Development practitioners don’t have it easy. The changing nature of cooperation projects work means that uncertainty is greater, politics require constant navigation, and the wicked problems they’re facing have no single, clear, or stable resolution. To evaluate these kinds of projects, evaluators are neck-deep in the complexity and challenges, too. Implementers have to convince aid funders that they can and will resolve development challenges. Evaluators must speak truth to power about the lack of evidence to support such results.
Why are development projects more complex? One pat answer is that, collectively, humanity has already solved the easy problems. Another part of it is that, over time, we tend toward complexity instead of simplicity. People in different experiments show a strong tendency to pick complex solutions over simple ones, additive solutions rather than subtracting or right-sizing or other functions. So cooperation projects themselves, and funding agencies, are often adding to complexity.
Wicked problems
“A class of social system problems which are ill-formulated, where the information is confusing, where there are many clients and decision-makers with conflicting values, and where the ramifications in the whole system are thoroughly confusing.”
– Horst Rittel
That’s a pretty depressing definition of wicked problems – and not very proactive. But it reflects how development challenges are nebulously interconnected and notoriously difficult to disentangle, how there are multiple perspectives that probably conflict, and how resolving them could involve difficult processes like institutional change, behavioral change, policy reform, and shifting complex economic relationships.
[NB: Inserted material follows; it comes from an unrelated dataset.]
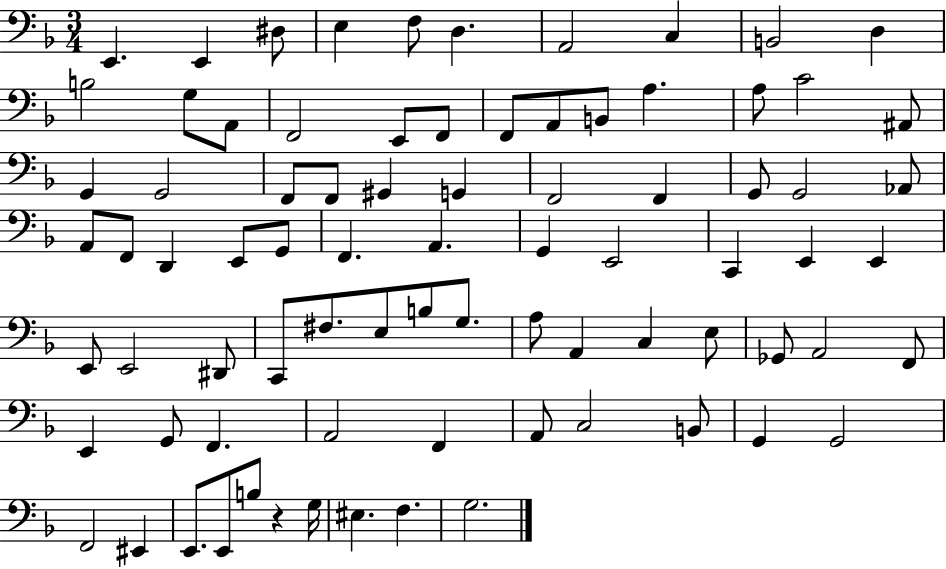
E2/q. E2/q D#3/e E3/q F3/e D3/q. A2/h C3/q B2/h D3/q B3/h G3/e A2/e F2/h E2/e F2/e F2/e A2/e B2/e A3/q. A3/e C4/h A#2/e G2/q G2/h F2/e F2/e G#2/q G2/q F2/h F2/q G2/e G2/h Ab2/e A2/e F2/e D2/q E2/e G2/e F2/q. A2/q. G2/q E2/h C2/q E2/q E2/q E2/e E2/h D#2/e C2/e F#3/e. E3/e B3/e G3/e. A3/e A2/q C3/q E3/e Gb2/e A2/h F2/e E2/q G2/e F2/q. A2/h F2/q A2/e C3/h B2/e G2/q G2/h F2/h EIS2/q E2/e. E2/e B3/e R/q G3/s EIS3/q. F3/q. G3/h. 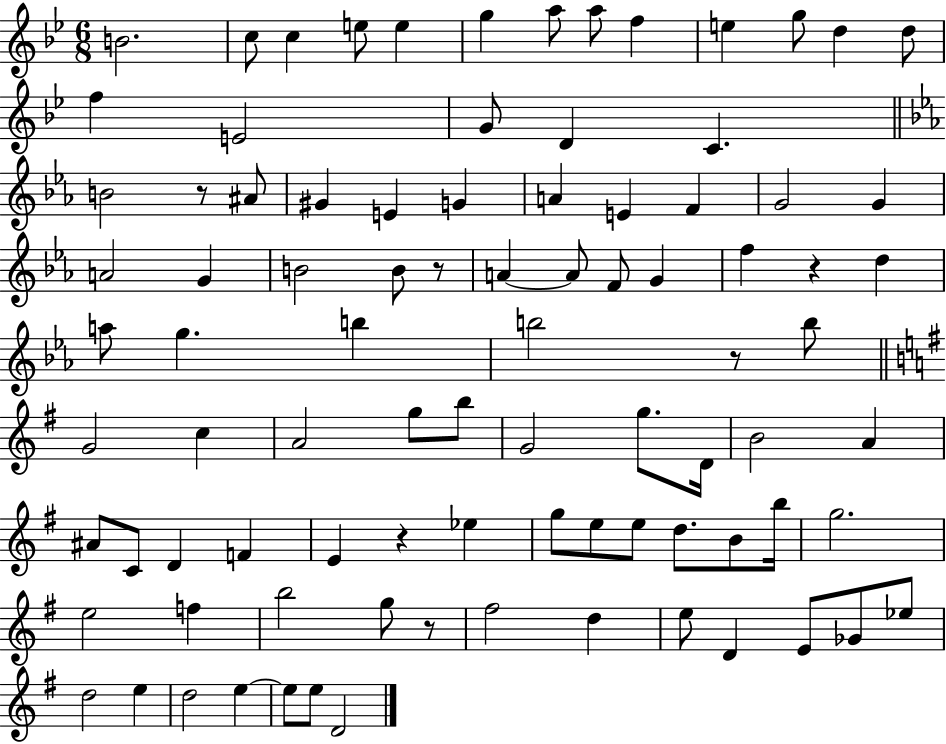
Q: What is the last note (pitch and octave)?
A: D4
Many development interventions designed to address the United Nation’s Sustainable Development Goals (SDGs) include more than one of these – such as addressing climate change, pollution in water and soil and air, gender equality, or poverty. Other development agencies work on even smaller slivers of the SDGs, like improving the business enabling environment (which requires Customs policy and regulatory reforms) so that more entrepreneurs, including small ones and new ones, decide to export their goods (which means changing the economic calculus in a given economy). Another example is an intervention to bring diversity, equity and inclusion into institutional or organizational cultures, or one that reforms government land titling. These are all examples of complex problems that cannot be easily fixed, nor easily measured.
Just about all development projects today have multiple stakeholders with competing interests and incentives, and exogenous factors like conflicts, economic shocks, or even just a scheduled election, that add game-changing uncertainty. Development implementers develop theories of change but their quality varies: many are insufficiently grounded in dynamic cultural, behavioral or institutional environments where they will be working. Often, theories of change are built at the outset of a project but not updated to reflect emergent reality over the three- to seven-year timelines of most development projects. They’re also often very high level, when the devil is in the details at the level of individual interventions.
Evaluators face these challenges too. We are asked to examine those theories of change before, during and after implementation, and to provide insight on successes and challenges. One point about wicked problems is especially helpful to think about here: their solutions are not “yes and no” but “more and less” – which means that rather than documenting solutions that “work”, evaluators need to be able to talk about which configurations of actions and conditions made things somewhat better, and which configurations made things somewhat worse.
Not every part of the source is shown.